Collected data entries:

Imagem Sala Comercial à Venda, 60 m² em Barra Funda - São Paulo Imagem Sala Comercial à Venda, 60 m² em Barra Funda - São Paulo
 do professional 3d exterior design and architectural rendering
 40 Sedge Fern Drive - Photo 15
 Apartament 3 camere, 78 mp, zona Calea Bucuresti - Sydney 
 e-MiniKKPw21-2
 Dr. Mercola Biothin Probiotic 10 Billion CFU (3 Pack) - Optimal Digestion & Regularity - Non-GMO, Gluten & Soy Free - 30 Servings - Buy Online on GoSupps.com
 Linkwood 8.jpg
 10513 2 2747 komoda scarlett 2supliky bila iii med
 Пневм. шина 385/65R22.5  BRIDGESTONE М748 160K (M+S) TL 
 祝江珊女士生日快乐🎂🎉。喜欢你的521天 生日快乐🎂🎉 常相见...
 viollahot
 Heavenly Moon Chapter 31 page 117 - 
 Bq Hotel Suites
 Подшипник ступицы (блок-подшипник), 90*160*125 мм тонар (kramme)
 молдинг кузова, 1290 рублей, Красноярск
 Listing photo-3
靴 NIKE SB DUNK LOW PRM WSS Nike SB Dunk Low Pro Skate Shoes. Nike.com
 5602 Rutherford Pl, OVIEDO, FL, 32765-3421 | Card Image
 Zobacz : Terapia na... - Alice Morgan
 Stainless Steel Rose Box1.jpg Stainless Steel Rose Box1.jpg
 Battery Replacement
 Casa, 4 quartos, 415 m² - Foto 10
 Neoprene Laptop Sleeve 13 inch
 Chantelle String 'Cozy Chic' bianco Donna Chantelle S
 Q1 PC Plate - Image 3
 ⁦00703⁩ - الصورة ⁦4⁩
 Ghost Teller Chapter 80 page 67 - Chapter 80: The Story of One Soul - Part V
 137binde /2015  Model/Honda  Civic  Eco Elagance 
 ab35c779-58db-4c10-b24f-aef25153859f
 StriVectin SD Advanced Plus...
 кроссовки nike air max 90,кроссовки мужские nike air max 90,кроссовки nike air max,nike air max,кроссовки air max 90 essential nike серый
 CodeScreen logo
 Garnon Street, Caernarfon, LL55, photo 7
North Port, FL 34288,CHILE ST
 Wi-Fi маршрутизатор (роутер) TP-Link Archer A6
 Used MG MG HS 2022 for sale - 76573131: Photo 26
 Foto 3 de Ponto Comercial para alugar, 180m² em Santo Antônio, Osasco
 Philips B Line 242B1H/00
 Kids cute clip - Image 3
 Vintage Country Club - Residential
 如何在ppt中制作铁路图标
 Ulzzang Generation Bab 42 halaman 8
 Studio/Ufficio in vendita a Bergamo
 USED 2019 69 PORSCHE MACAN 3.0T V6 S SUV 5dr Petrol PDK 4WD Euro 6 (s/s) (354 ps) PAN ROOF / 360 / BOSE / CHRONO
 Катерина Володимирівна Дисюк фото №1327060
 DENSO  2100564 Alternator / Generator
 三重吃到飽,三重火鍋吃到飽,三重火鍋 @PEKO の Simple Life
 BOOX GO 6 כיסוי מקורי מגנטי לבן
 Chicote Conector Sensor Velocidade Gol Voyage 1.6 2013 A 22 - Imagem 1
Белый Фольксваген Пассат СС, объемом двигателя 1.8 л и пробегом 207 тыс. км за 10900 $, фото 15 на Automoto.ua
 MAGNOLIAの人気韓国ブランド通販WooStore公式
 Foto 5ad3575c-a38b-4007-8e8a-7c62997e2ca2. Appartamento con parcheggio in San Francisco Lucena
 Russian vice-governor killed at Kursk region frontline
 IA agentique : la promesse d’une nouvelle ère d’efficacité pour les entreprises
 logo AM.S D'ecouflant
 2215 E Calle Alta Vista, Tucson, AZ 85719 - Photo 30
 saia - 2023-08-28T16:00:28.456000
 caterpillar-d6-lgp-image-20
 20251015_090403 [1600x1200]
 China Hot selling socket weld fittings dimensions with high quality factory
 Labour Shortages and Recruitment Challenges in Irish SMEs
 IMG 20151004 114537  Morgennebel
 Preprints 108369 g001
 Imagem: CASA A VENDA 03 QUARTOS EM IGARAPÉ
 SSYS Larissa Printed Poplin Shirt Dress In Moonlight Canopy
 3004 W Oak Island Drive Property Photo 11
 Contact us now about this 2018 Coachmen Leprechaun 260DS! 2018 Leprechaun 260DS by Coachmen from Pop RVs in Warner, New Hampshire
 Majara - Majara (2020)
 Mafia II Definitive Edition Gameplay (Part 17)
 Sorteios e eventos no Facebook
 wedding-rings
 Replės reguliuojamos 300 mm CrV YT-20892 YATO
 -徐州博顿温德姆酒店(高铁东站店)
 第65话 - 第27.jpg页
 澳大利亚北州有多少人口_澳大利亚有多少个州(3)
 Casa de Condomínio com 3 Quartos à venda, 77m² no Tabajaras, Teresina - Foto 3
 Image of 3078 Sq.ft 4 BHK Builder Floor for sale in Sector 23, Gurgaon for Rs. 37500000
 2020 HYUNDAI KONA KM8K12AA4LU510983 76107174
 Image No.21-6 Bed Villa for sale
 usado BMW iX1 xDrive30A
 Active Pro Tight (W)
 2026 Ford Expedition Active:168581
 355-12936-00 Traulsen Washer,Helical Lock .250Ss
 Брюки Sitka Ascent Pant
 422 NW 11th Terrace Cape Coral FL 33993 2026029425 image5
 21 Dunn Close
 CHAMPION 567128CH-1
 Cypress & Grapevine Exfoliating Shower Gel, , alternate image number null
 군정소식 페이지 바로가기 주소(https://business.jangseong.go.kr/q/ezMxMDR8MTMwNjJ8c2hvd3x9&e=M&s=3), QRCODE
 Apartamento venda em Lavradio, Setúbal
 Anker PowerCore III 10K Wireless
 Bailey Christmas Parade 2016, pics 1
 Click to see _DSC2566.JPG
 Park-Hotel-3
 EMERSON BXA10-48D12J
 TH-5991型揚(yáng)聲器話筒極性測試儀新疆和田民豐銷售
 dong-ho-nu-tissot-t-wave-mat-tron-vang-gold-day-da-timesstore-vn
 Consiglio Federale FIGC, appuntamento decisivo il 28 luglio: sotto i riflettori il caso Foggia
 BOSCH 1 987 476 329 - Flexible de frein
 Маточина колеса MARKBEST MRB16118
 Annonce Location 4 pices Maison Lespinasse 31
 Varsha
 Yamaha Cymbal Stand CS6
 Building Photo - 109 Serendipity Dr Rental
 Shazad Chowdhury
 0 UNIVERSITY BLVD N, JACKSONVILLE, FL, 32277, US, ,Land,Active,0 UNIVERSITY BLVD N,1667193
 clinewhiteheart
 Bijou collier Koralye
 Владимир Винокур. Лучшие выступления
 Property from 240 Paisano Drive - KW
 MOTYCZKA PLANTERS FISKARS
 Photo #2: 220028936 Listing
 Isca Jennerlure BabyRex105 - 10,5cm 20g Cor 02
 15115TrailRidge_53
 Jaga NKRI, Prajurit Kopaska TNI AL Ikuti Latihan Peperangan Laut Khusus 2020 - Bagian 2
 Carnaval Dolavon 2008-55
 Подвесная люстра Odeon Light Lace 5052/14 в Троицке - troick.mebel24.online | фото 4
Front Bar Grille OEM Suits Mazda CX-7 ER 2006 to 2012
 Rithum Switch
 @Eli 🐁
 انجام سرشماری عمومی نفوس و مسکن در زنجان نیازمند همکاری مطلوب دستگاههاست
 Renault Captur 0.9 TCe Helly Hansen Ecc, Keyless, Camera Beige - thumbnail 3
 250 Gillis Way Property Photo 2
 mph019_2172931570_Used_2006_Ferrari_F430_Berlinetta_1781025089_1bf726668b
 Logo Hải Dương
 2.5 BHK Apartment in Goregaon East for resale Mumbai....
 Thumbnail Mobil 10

[YOUR INSTRUCTIONS]:
Could you write out, exactly, each line of the data above from the one containing "250 Gillis Way Property Photo 2" through the last, including both?

[THE COMPLETED TASK]:
 250 Gillis Way Property Photo 2
 mph019_2172931570_Used_2006_Ferrari_F430_Berlinetta_1781025089_1bf726668b
 Logo Hải Dương
 2.5 BHK Apartment in Goregaon East for resale Mumbai....
 Thumbnail Mobil 10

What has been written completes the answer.